I learned from an early age that the Lord’s Day was different from the rest of the week. Not only did we go to worship, but the things we did and didn’t do was different, too. As my brother and I reached our teen years, our family, often my grandfather, and sometimes guests would sit around the dinner table talking well into the afternoon. Part of that time often involved some reflection on what had happened the week before, events or circumstances for which we were thankful, or particular happenings to which we looked forward in the week ahead.

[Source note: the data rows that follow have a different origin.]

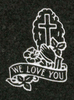 Engraved "We Love You" Cross and Flowers Cemetery Headstone Design 545 on G654 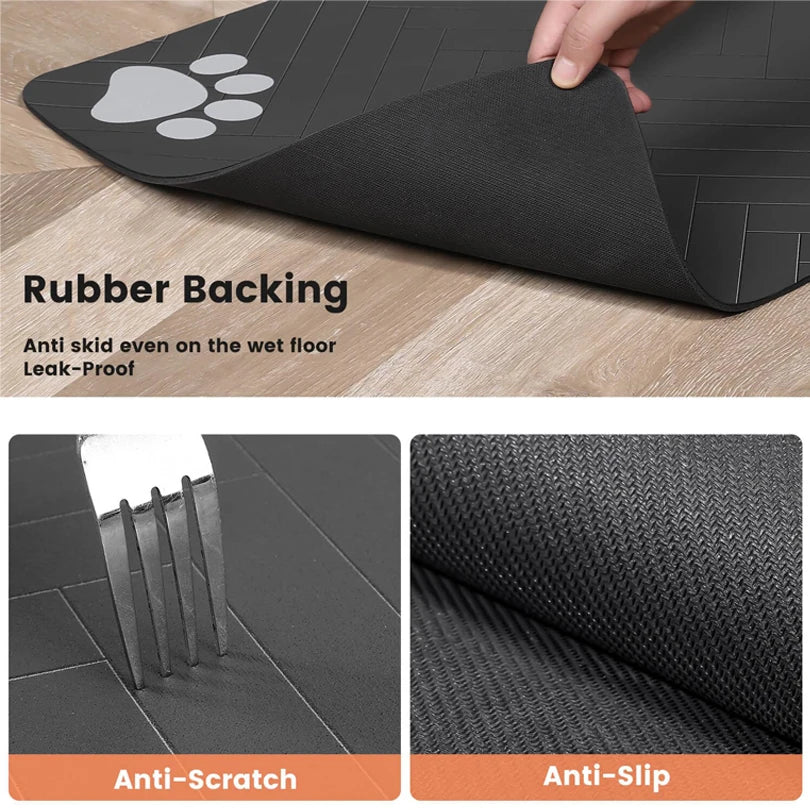 Feeding Placemat for Food and Water Bowl, with Waterproof Rubber Backing, Quick Dry Water Mat for Dog Cat
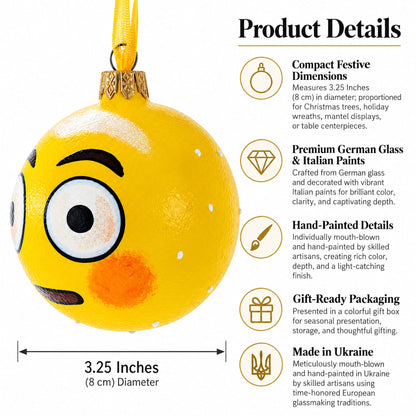 Rolling Eyes Facial Expressions Glass Ball Christmas Ornament 3.25 Inches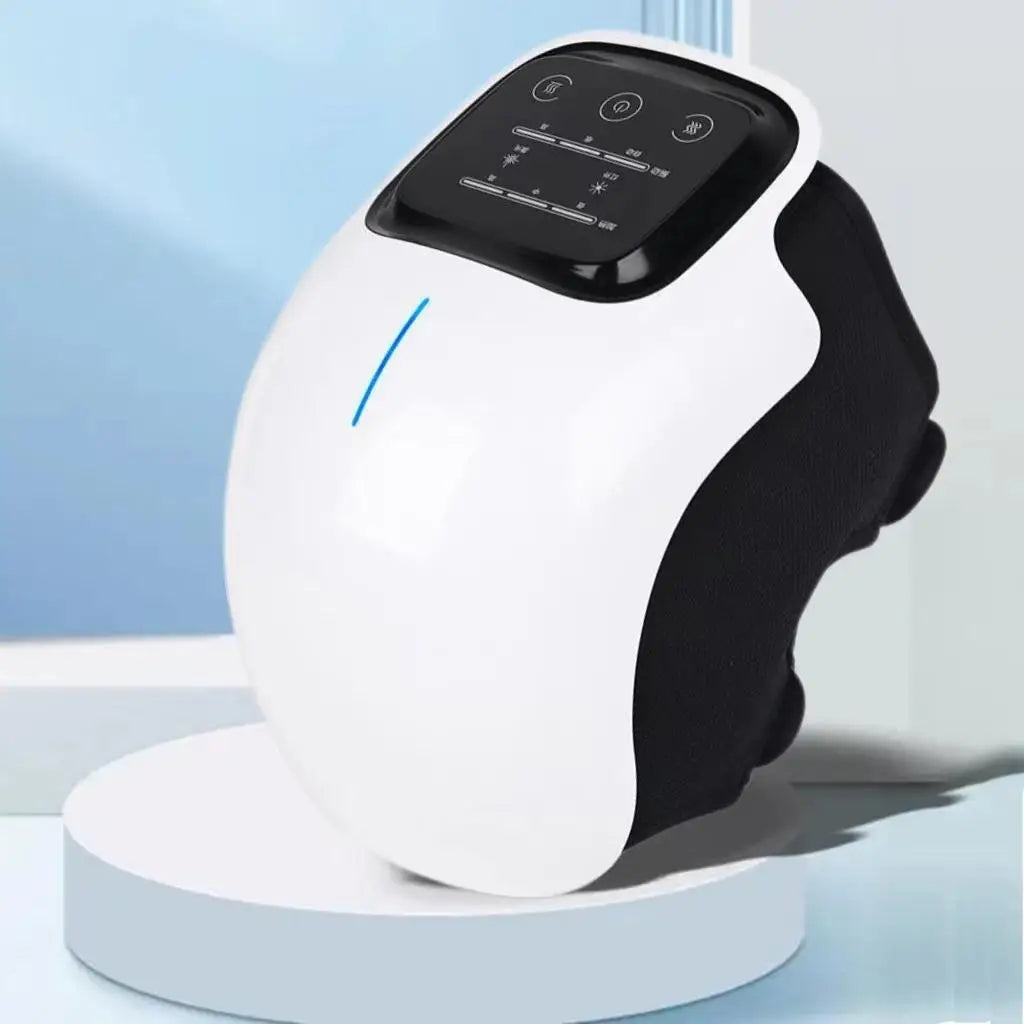 Cordless Knee Massager, with Heat and Vibration, Portable Knee Massager, with Large LED Screen, Adjustable Temperature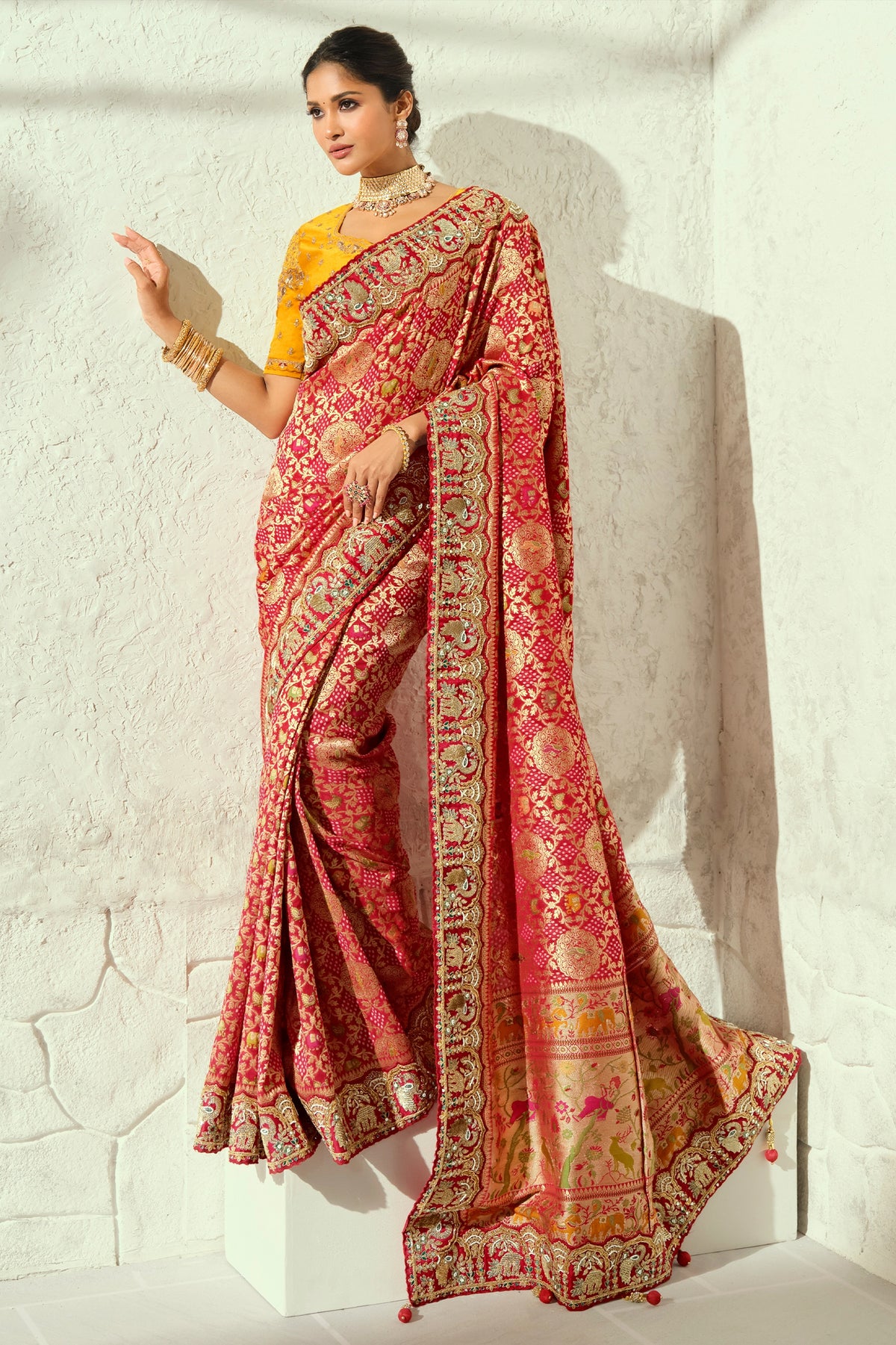 Scarlet Red Embroidered Georgette Bandhej Saree-SAR13398_1_SareeButa.com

I think I’m still trying to figure out what God is calling us to do and not to do in the Fourth Commandment. It is clear that we are to remember the Sabbath day, to keep it holy, and to rest that day, as He did after Creation. (It is also clear that we are to work hard on the other six days, not only to be productive as we rule the earth and subdue it, but also in preparation for the Lord’s Day.) But what forms that remembering, keeping holy, and resting is to take I am not entirely sure; there are many activities which I could and sometimes do that I question.
At the same time, there are many good things which I know are entirely appropriate and in keeping with the spirit of the commandment, and too often I neglect them. I am well aware that one can easily become caught up in a list of dos and don’ts; the outgrowth of that is what so often caused dissention between Jesus and the religious leaders of His day. He made it clear that works for mercy and necessity are definitely appropriate on His day.
But I digress. What I started out to say is what blessing it is, and how thankful I am for it, that God has not only designed us to need a day of rest once a week, but He has also graciously provided such a day! I wonder how much more smoothly life would go if everyone followed the pattern of working on six days of the week and then spent the Lord’s Day remembering the Sabbath, keeping it holy, and resting.